Tenho muita preocupação com a minha formação, e com a dos meus colegas, a respeito da qualidade de profissional da educação. Pois acredito que para ser professor(a) não basta apenas saber o conteúdo, assim como os bons médicos poderiam ser também bons professores. É preciso saber expô-lo, saber ouvir e acima de tudo saber interagir o conhecimento trabalhado com o mundo que os cercam. O saudoso professor Gleison Monteiro coloca que um erro médico pode matar um paciente, mas um erro de um professor em sala de aula poderá matar uma geração inteira.
A escola coloca os professores(as) a novos desafios e cobranças diariamente, e esses são muito diferentes dos desafios de professor x alunos universitários. Considero que as discussões que fazemos a respeito de teoria da História (me refiro a todas as disciplinas que não tratam de ensino) são essenciais para esse Curso.
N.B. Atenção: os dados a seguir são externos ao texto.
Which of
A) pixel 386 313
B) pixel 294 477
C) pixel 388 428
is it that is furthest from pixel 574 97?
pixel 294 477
Defendo apenas que haja um equilíbrio entre teoria, ensino e prática docente. Defendo que os professores do Curso de História da UVA, tentem em suas aulas relacionar o que se discute com a realidade escolar, com a vida de crianças e adolescentes que mais tarde estarão a nossa frente, inquietos e curiosos, e nós sem sabermos ao certo o que fazer.
Acredito que só há profissionais com excelência quando consegue unir teoria/prática, e a nossa prática é na escola, sem essa prática nossa formação é prejudicada, infelizmente. Embora tentemos justificar que o tempo da graduação seja pouco, é nesse pouco tempo que devemos ver a abrangência do conteúdo capaz de formar excelentes professores, o que a meu ver nos falta.